TASK BRIEF
Everything from the line that holds "Una cama bien" through the end of the data below should be output exactly, both ends included.

:: DATA FOR THIS TASK

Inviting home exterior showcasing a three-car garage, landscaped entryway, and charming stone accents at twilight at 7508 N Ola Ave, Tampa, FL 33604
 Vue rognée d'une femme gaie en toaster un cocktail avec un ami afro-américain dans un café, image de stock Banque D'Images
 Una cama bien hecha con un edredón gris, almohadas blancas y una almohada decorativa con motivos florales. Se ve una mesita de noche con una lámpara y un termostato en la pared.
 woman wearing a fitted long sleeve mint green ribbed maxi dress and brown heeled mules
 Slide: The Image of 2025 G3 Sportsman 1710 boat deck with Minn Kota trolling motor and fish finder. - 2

::::

PROBLEM SOLUTION
 Una cama bien hecha con un edredón gris, almohadas blancas y una almohada decorativa con motivos florales. Se ve una mesita de noche con una lámpara y un termostato en la pared.
 woman wearing a fitted long sleeve mint green ribbed maxi dress and brown heeled mules
 Slide: The Image of 2025 G3 Sportsman 1710 boat deck with Minn Kota trolling motor and fish finder. - 2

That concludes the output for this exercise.